Yesterday we met with two others, one an old friend from the 1980s when she was in radio, the other a much younger woman who is an art historian. I have told her story briefly on facebook as The Art Historian's Tale but will reproduce it here once I am home.
Everyone we know here speaks of the same feeling of creeping darkness and powerlessness, the sense of drifting back in time towards some historical iceberg. I have heard not one redeeming word from anyone. Maybe it's just the people we know, but they are the people we love and trust. It has been our most oppressive experience of the country, worse than the eighties because then there was a suspicion that it was going to end, that we were living at the end of something. Now there is just this backwards drag into apprehension.

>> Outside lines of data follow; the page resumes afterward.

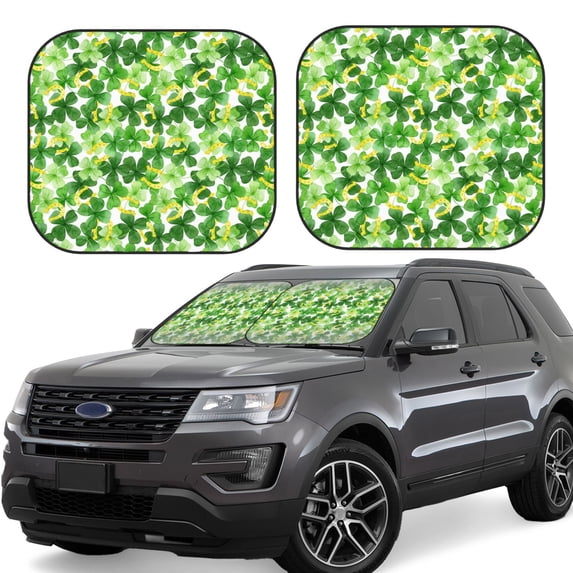 Salouo Happy St. Patrick's Day Pattern Car Windshield Sun Shade Foldable | Front Windshield Shade for Sun, Heat and UV Rays | Interior Sun Protection-Small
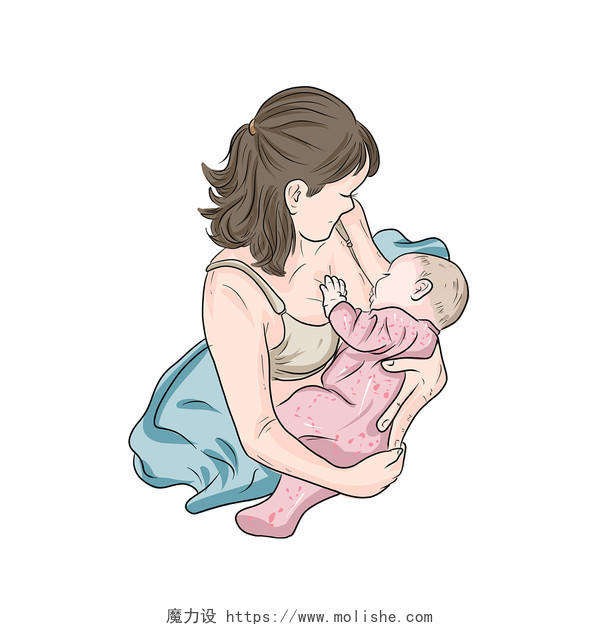 母乳喂养母亲婴儿粉色爱心关心母乳喂养母乳喂养元素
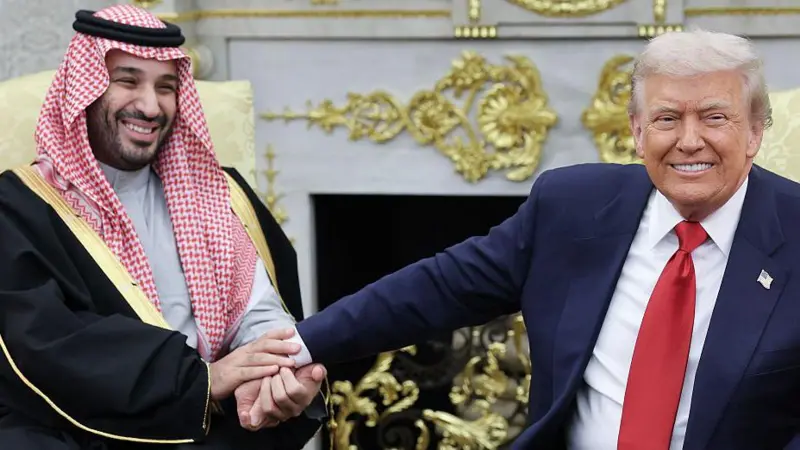 الرئيس الأمريكي دونالد ترامب وولي العهد السعودي الأمير محمد بن سلمان آل سعود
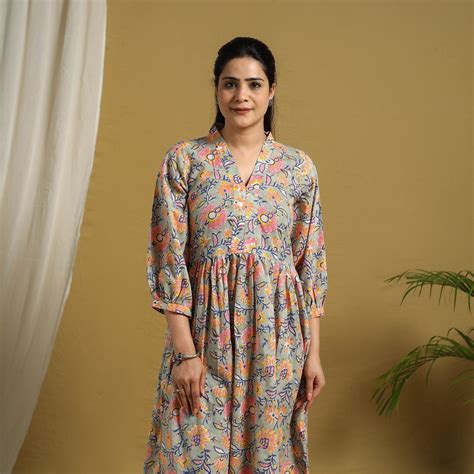Grey Block Print Cotton Tiered Sanganeri Dress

The faces in the street have hardened. One man - so a friend recounts - declares that Hungarians should be ready to die to defend themselves from Europe. Posters declare Europe - respect Hungary! In the meantime the country is approaching a condition of one-party dictatorship. The government's favourite trope is that western (ie dreadfully liberal and tolerant) Europe has a narrative that wishes to humiliate and destroy Hungary and regards it as (I quote George Schöpflin, Hungarian Euro MP) 'a hairy ape'. Nothing could be further from the truth. Hungary had for decades been regarded as the clever country, the sophisticated country where people entered revolving doors behind you yet emerged in front of you.
The truth is that the narrative works the other way. The Hungarian right spread the lie that Europe and Europeans are the poor Hungarian nation's enemy so that they, and the whole country, might cosy up to the kind of 'strong-man' dictatorship they themselves aspire to impose. Hungary get big funds from Europe but insist that Europe takes more from Hungary. Hungarians (conceptualised as essentially das volk) adopt all the gadgets and gewgaws of consumer society but are encouraged to claim that they stand for something nobler, more patriotic than that.
Budapest is a beautiful city and the country looks wonderful in sunshine but the dominant feeling of this visit is of a darkness I won't forget. Clarissa woke from a dream that our friends were in danger. In the dream following we were being attacked by dogs rather like humans. The two dreams were related. They are only dreams, the unconscious inventing metaphors for its anxieities, but the anxieties are real enough.